Agglomerative Hierarchical Clustering
Hierarchical clustering is the last clustering approach that I will review here, and just like DBSCAN, it does not require a predetermined number of clusters. One advantage of hierarchical clustering over k-means clustering is that it produces a dendrogram, a tree-based representation of observations. The algorism looks for dissimilarities between a pair of observations. The concept of dissimilarity is extended to a pair of groups of observations, and this extension is achieved by introducing the notion of linkage, which detects the dissimilarity between the two groups. Average and complete linkages are usually preferred over single linkage. The complete linkage measures the farthest pair of points, and the average linkage measures the average dissimilarity over all pairs. Because the complete linkage can have problems with crowding (and the observations here are pretty crowded), I used the average linkage in addition to the complete linkage.
It looks like the complete linkage behaves similarly to k-means analysis and the average linkage behaves similarly to DBSCAN. Indeed, we can see that the average linkage identified an outlier (observation #609 – HPN in 2009). The same outlier (and more) was observed in the DBSCAN analysis. In addition, the average linkage yielded a much higher Cophenetic correlation than the complete linkage (0.83 vs. 0.67).
To illustrate my point better, I presented the observations in a two-dimensional space and compared them to the k-means clusters.
As seen above, the hierarchical clustering with the complete linkage forms two clusters – just like in the case of the k-means analysis.
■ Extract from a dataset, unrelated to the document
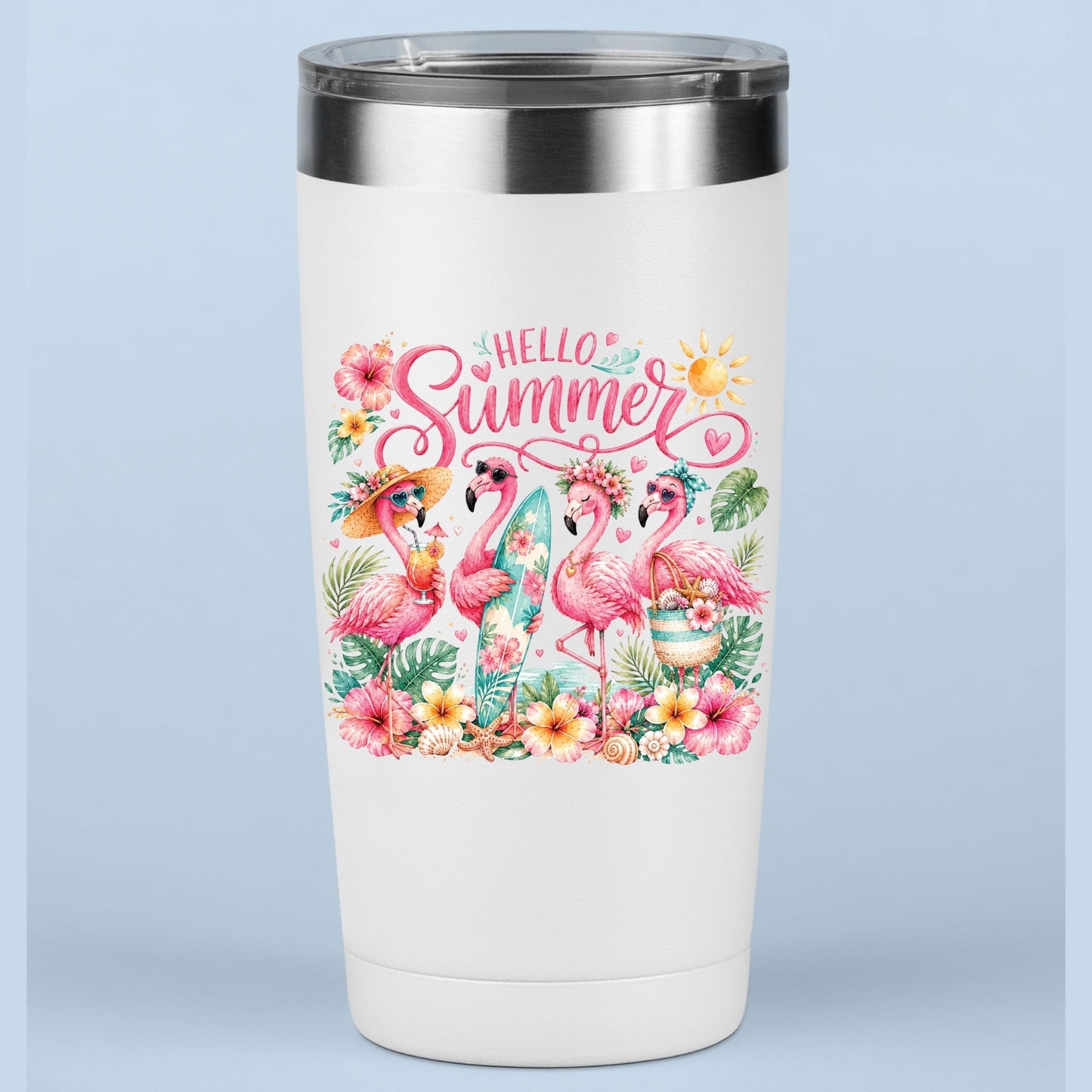 Hello Summer Flamingos DTF Transfer Ready to Press Tropical Beach UV DTF Sticker Flamingo Lover Heat Transfer for Shirts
On the other hand, the hierarchical clustering with the average linkage forms one cluster and one outlier – just like in the case of the DBSCAN analysis. In reality, it forms two clusters, but because the second cluster consists only of one observation, the average linkage method serves as an outlier detector in this case.
Conclusion
The clustering techniques above identified two clusters and several outliers. First, the principal component analysis identified three major components (PC1, PC2, and PC3) that cumulatively explained 85% of all variance for airport delays. PC1 explained 54% of all airport delays while PC1 and PC2 together explained 73% of all airport delays. K-means analysis, on the other hand, identified two major clusters. However, a relatively low Silhouette coefficient and high distortion signaled a presence of cohesion among the clusters. Performing k-means cluster analysis on the PCA-transformed data improved the Silhouette and inertia scores and slightly decreased the cohesion. DBSCAN analysis revealed only one major cluster with several outliers: ATL(2004), ATL(2005), ATL (2006), JFK(2007), EWR(2008), HPN(2009), ORD(2010), ORD(2011), ORD(2012), ORD(2013), ORD(2014).
The same phenomenon was observed in the hierarchical clustering. The complete linkage method vs. average linkage method yielded a lower Cophenetic correlation, confirming the presence of high cohesion among clusters. The average linkage behaved identically to DBSCAN and identified one cluster and one outlier, HPN(2009).
The evidence above indicates that flight delays in the U.S. form two meaningful and useful clusters. K-means and the hierarchical clustering with an average linkage identified these clusters. However, because the clusters revealed some cohesiveness with each other, DBSCAN and the hierarchical clustering with the average linkage identified only one cluster with outliers. It is very likely that removing the outliers will result in only one meaningful cluster.